Excerpt: Venus Williams' 'Come to Win'

With the launch of V Starr, I immediately realized that although tennis and design couldn't be further apart, I was bringing lessons learned on the court into the meetings, whether they were with potential clients, my team, or suppliers. My curiosity piqued, I began to compile a list of former athletes (not all of whom played professionally) who are now at the top of their professions. If I could talk to each one I'd ask them if their sports background was of any use in their professional life. And that curiosity led to this book. Along with my co-author, Kelly E. Carter, I did get to talk with this impressive and varied group of former athletes, and their responses comprise this book. I was encouraged and pleasantly surprised by their contributions. Though they come from a variety of fields—there are actors, designers, CEOs, chefs, doctors, editors, financiers, reporters, and politicians, as well as former professional athletes—the drive and discipline they bring into their work mirrors what they gave on the field, rink, and court or in the pool.

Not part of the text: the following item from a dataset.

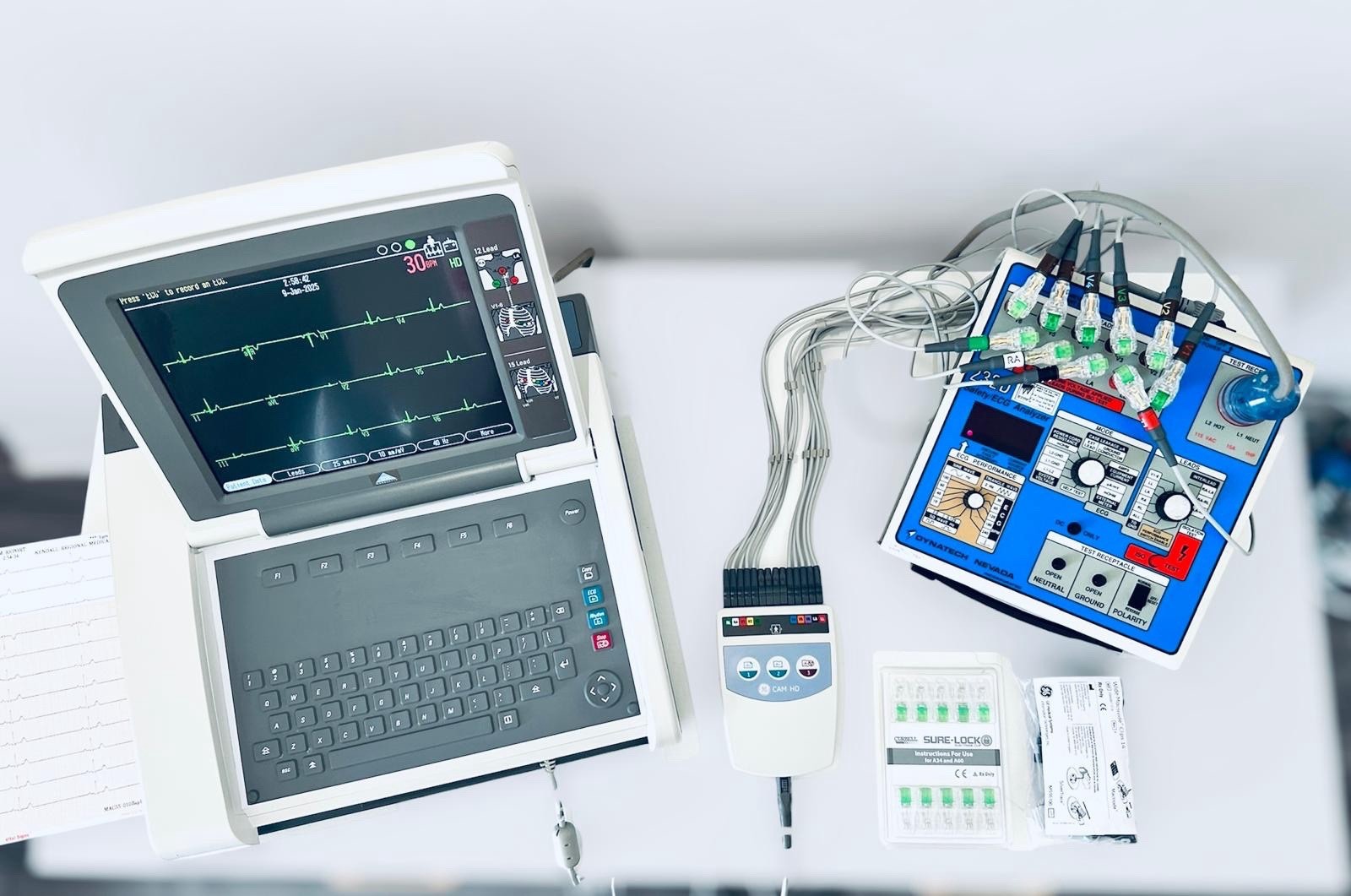 GE Healthcare MAC 5500 HD ECG with CAM Module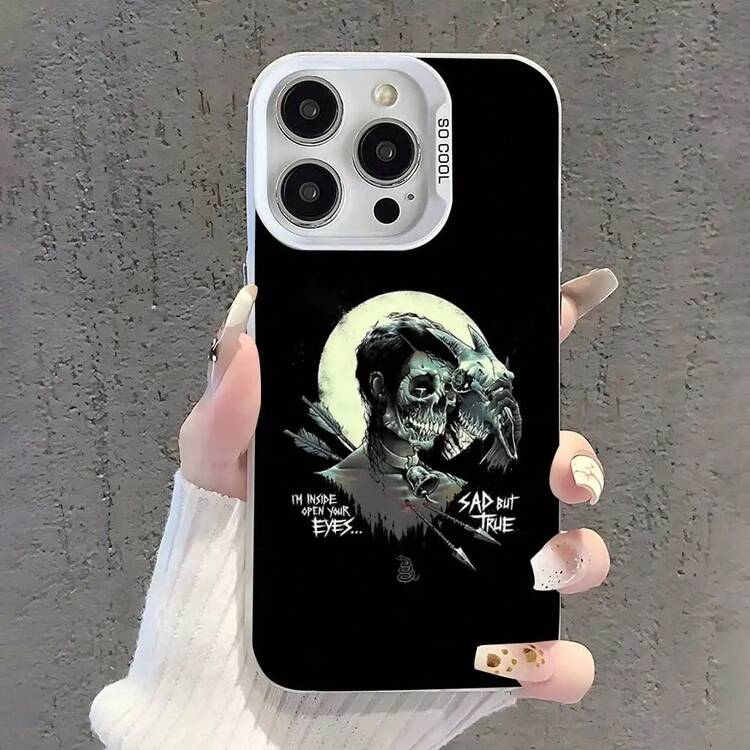 Funda de Teléfono M- BAND para 17,16,15,14,13,12,11,Pro,Max,Plus,E Cubierta Mate Blanca Caramelo a Prueba de Golpes - z8 - Añade 13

I loved working on this book, and I hope you too take something away—whether you're an aspiring visionary, an established or ascending executive, a burgeoning designer or actor. I hope you'll see how sports gives you a foundation that is transferrable, and how if you've played sports (at any level, professional or amateur), you are carrying around knowledge that you can use effectively in other fields. Reading the experiences of others made me cognizant of the benefits from sports I didn't even realize I had received—character, strength of body and mind, confidence, a sense of value and validation. Sarina Bratton, an entrepreneur who started a cruise line, perhaps sums it up best: "All of the training, the discipline, the determination, the good attitude and hard work that you're putting into your sport now are inherent values that you will carry with you through life, and you can apply those same values and disciplines to anything that you choose in your life. Recognize that and never be afraid to use them in your career or whatever you choose to do."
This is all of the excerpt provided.